● **Provided records**:
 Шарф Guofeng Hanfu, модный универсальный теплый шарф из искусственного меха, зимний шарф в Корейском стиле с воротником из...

---

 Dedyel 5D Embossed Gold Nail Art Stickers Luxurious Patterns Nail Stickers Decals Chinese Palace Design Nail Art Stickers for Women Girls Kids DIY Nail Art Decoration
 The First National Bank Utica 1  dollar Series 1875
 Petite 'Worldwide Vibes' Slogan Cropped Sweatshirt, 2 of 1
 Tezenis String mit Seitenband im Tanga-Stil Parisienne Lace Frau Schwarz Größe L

● **Work item**: Restate word for word the lines in the material above from the one with "Dedyel 5D Embossed" to the one with "Tezenis String mit"; both of those lines count, and nothing else does.

● **Solution below**:
 Dedyel 5D Embossed Gold Nail Art Stickers Luxurious Patterns Nail Stickers Decals Chinese Palace Design Nail Art Stickers for Women Girls Kids DIY Nail Art Decoration
 The First National Bank Utica 1  dollar Series 1875
 Petite 'Worldwide Vibes' Slogan Cropped Sweatshirt, 2 of 1
 Tezenis String mit Seitenband im Tanga-Stil Parisienne Lace Frau Schwarz Größe L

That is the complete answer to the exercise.